▶ _ABOUT THIS TASK_: After finding "Lake Explorer: 16'" in the data, write out its line and all following lines without change, up to and including the last one. Leave out pictures.

● ● ● ●

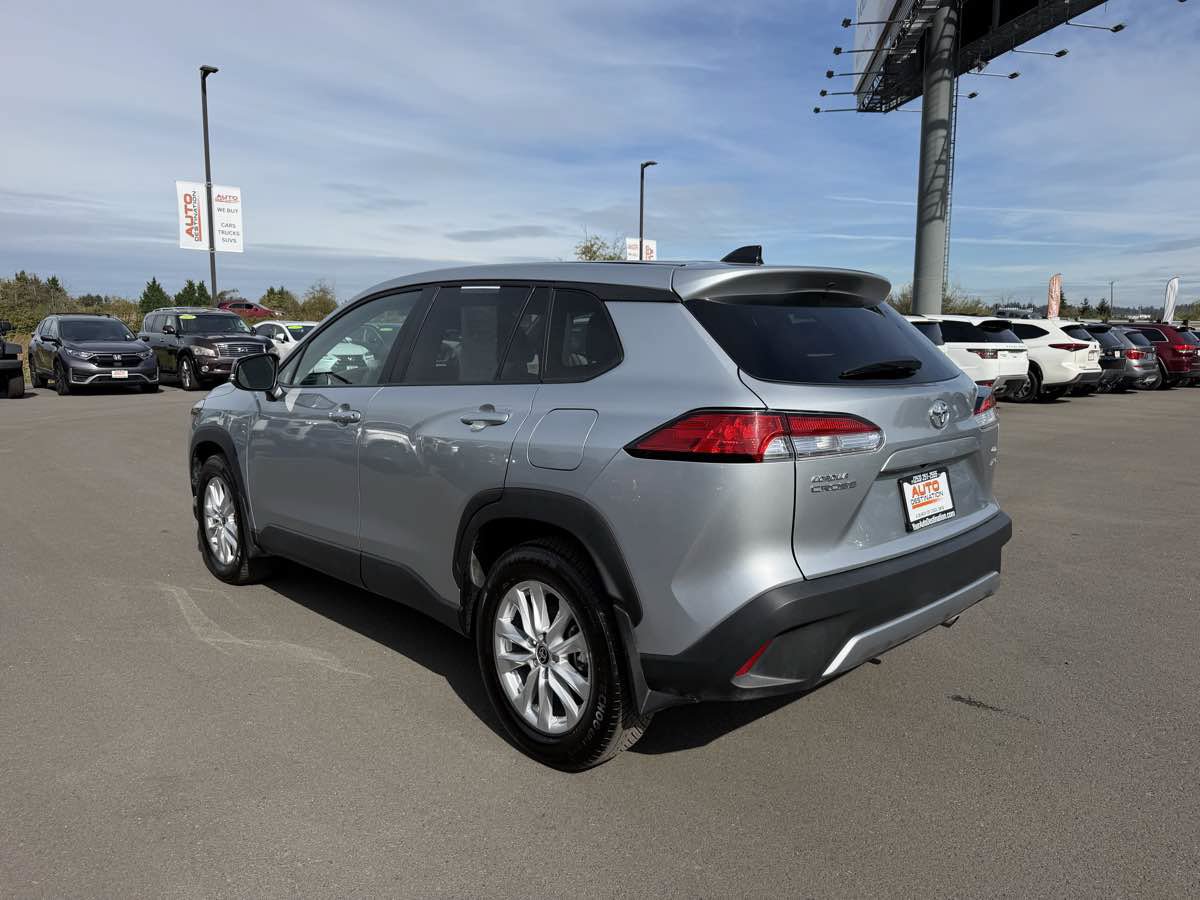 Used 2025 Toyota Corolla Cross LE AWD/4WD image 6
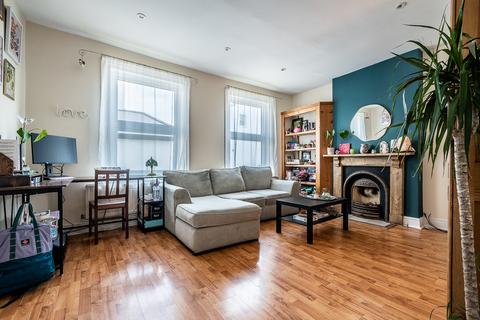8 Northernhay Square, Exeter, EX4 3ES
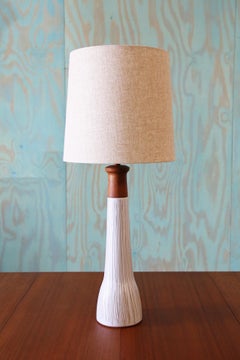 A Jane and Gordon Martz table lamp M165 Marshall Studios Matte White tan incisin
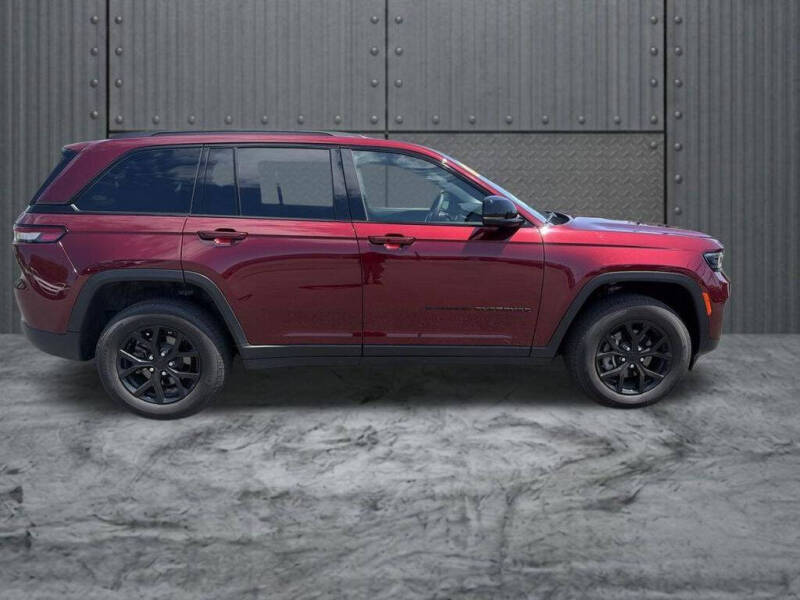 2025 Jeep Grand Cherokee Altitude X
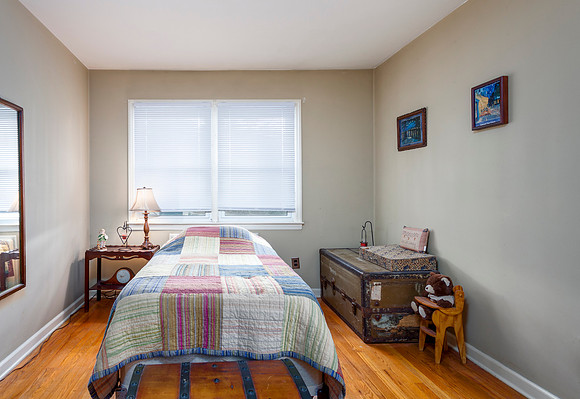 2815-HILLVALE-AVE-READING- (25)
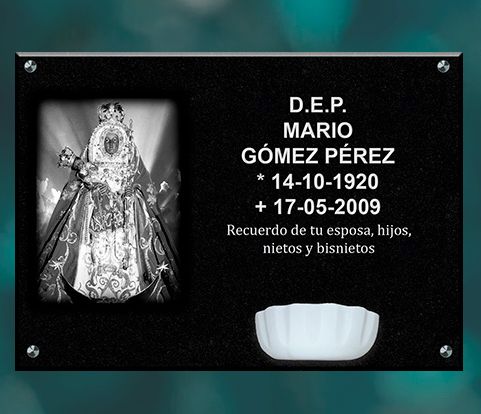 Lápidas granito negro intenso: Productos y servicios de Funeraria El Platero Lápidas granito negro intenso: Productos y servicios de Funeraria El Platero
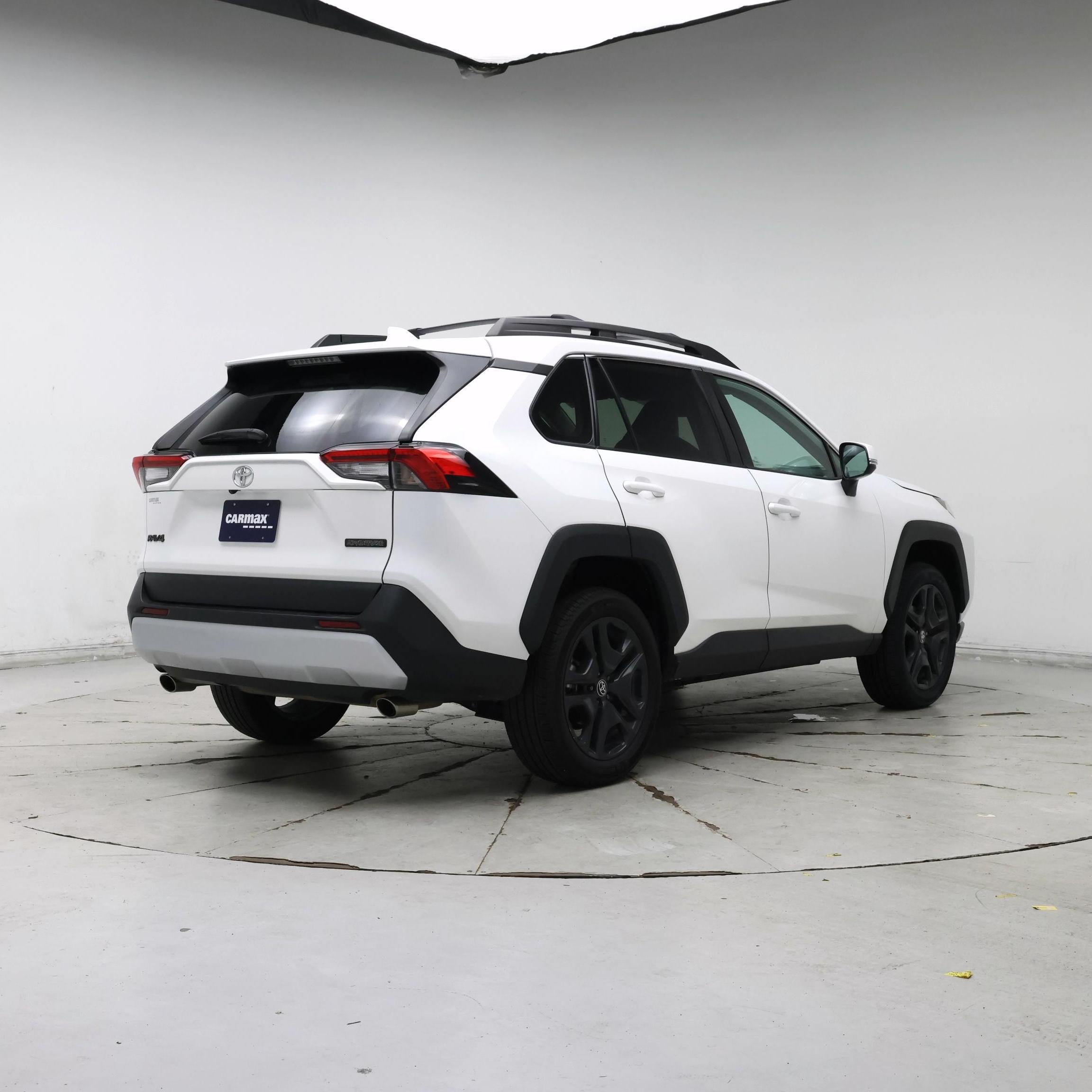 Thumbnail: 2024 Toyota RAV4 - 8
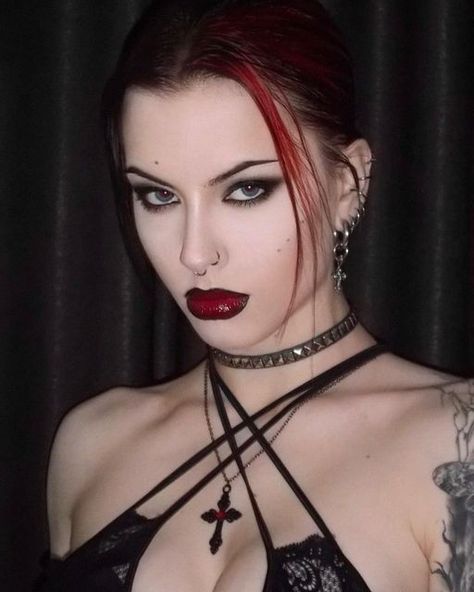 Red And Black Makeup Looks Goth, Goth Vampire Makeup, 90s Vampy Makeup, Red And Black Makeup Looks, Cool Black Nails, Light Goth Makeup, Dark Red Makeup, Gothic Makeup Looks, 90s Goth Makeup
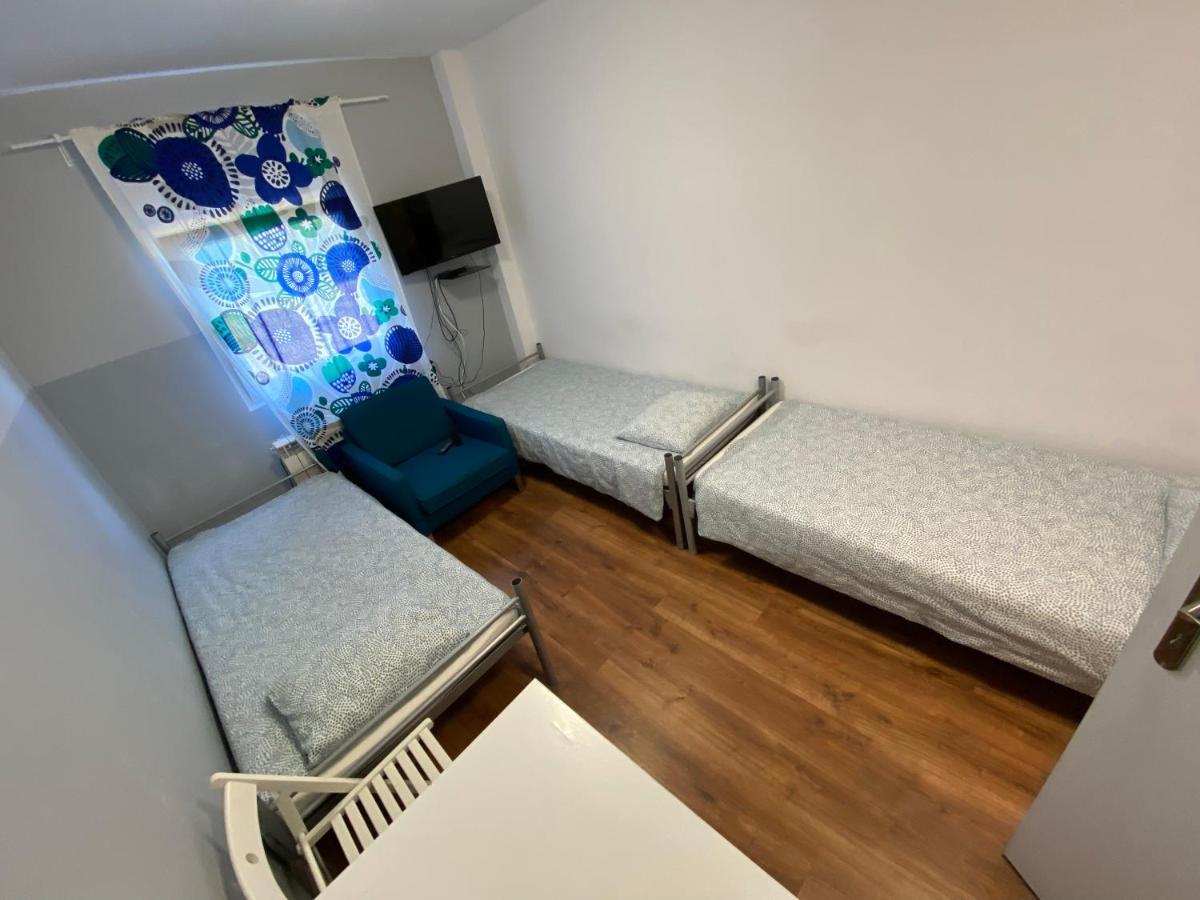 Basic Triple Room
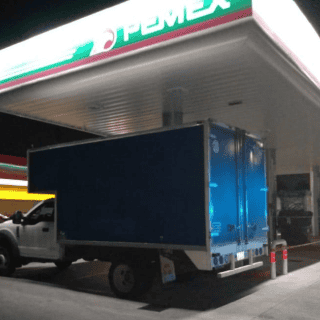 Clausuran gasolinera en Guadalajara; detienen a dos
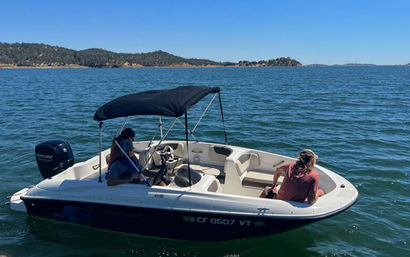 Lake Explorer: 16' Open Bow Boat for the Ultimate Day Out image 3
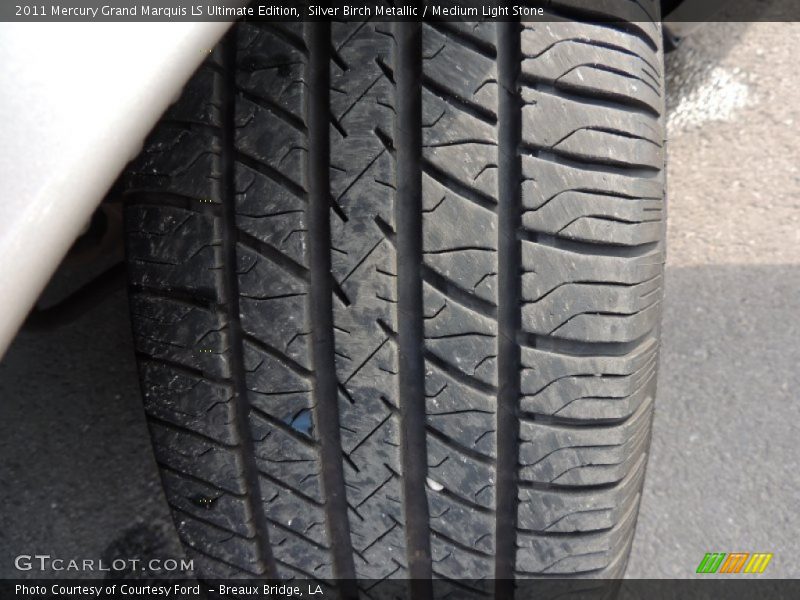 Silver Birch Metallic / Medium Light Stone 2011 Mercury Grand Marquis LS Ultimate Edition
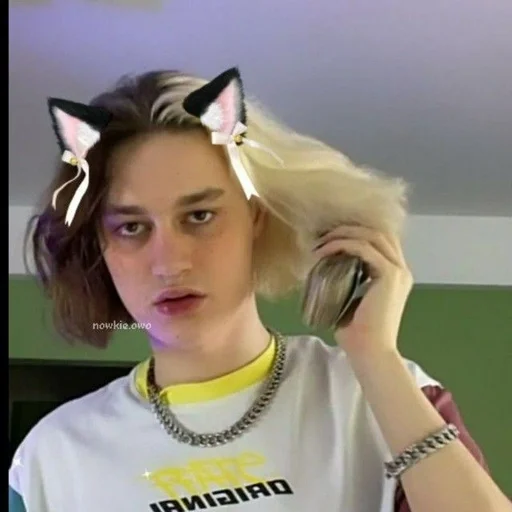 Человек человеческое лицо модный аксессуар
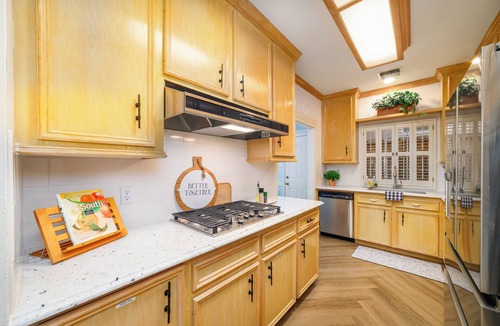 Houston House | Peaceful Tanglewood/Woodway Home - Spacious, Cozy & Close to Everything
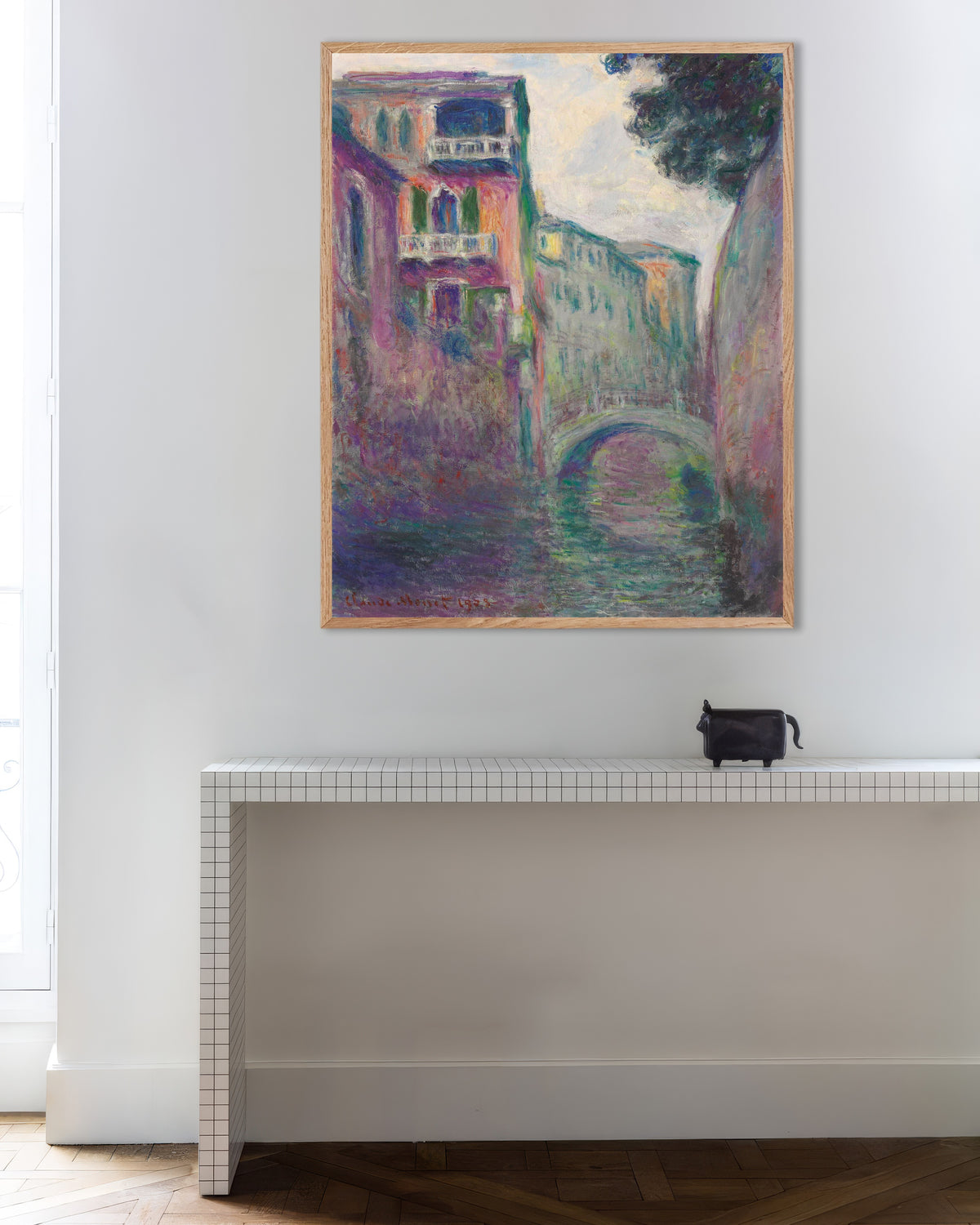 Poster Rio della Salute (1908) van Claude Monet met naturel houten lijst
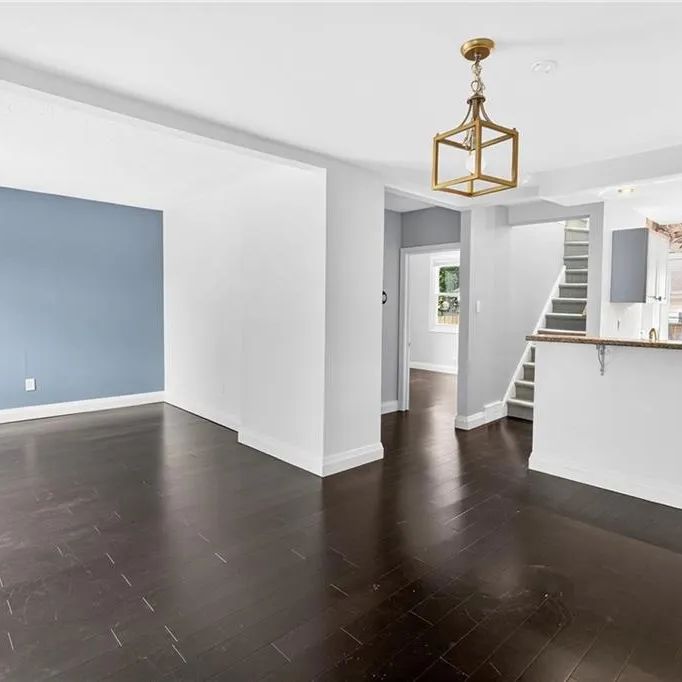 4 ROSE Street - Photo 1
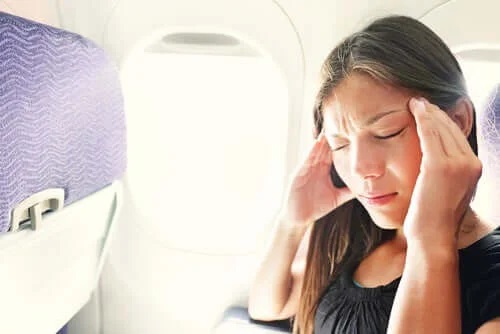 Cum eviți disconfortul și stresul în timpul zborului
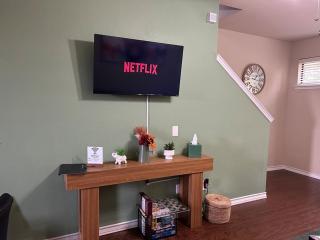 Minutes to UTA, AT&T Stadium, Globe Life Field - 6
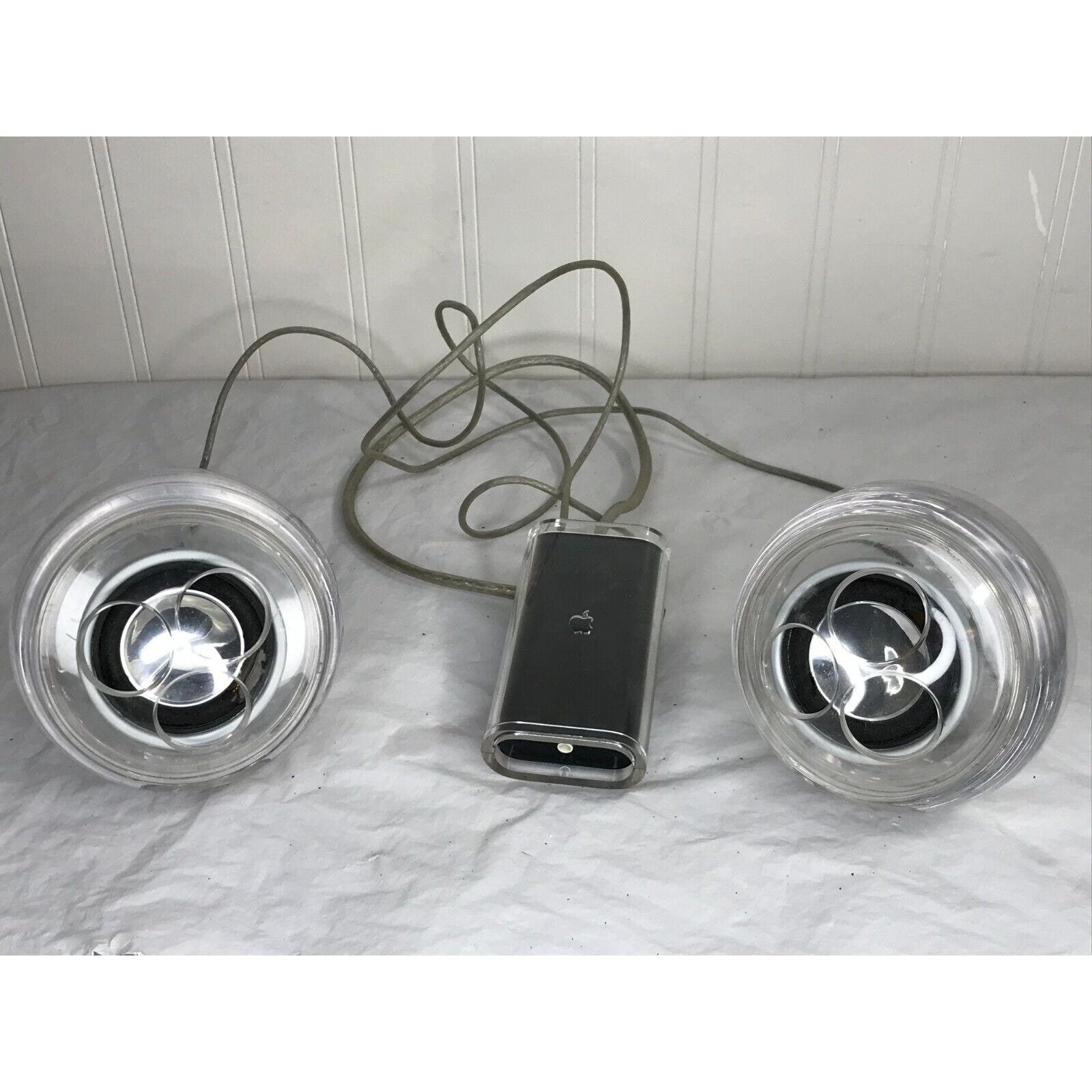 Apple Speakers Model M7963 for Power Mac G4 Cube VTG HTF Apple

● ● ● ●

▶ _THE ANSWER_:
 Lake Explorer: 16' Open Bow Boat for the Ultimate Day Out image 3
 Silver Birch Metallic / Medium Light Stone 2011 Mercury Grand Marquis LS Ultimate Edition
 Человек человеческое лицо модный аксессуар
 Houston House | Peaceful Tanglewood/Woodway Home - Spacious, Cozy & Close to Everything
 Poster Rio della Salute (1908) van Claude Monet met naturel houten lijst
 4 ROSE Street - Photo 1
 Cum eviți disconfortul și stresul în timpul zborului
 Minutes to UTA, AT&T Stadium, Globe Life Field - 6
 Apple Speakers Model M7963 for Power Mac G4 Cube VTG HTF Apple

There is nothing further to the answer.